Exercise data >>
┌──
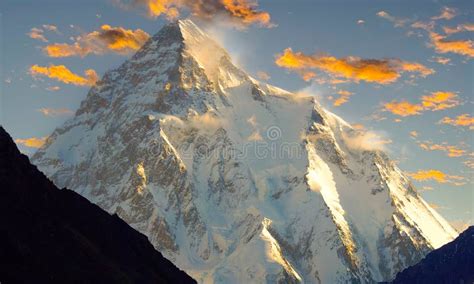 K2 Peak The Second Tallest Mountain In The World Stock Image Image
└──
┌──
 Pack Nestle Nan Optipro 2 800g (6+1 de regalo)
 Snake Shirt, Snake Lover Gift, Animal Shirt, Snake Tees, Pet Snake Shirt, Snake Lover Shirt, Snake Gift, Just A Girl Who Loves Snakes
└──
┌──
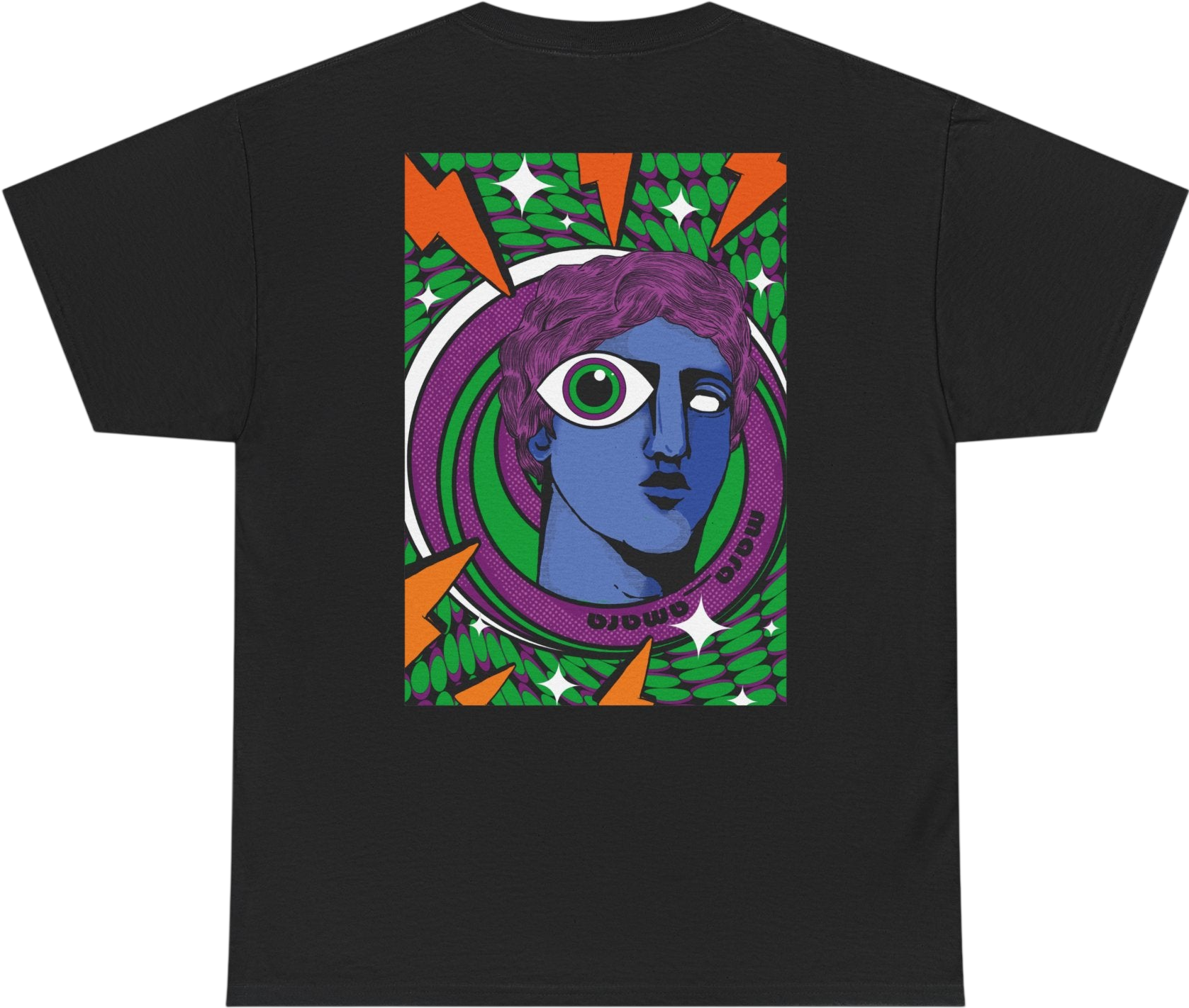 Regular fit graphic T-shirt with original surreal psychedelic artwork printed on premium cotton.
└──
What this task involves >> Copy out precisely the lines from the line with "Pack Nestle Nan" to the line with "Snake Shirt, Snake Lover Gift, Animal" in the material above, including those two lines and omitting all the rest.

Result of this exercise >>
 Pack Nestle Nan Optipro 2 800g (6+1 de regalo)
 Snake Shirt, Snake Lover Gift, Animal Shirt, Snake Tees, Pet Snake Shirt, Snake Lover Shirt, Snake Gift, Just A Girl Who Loves Snakes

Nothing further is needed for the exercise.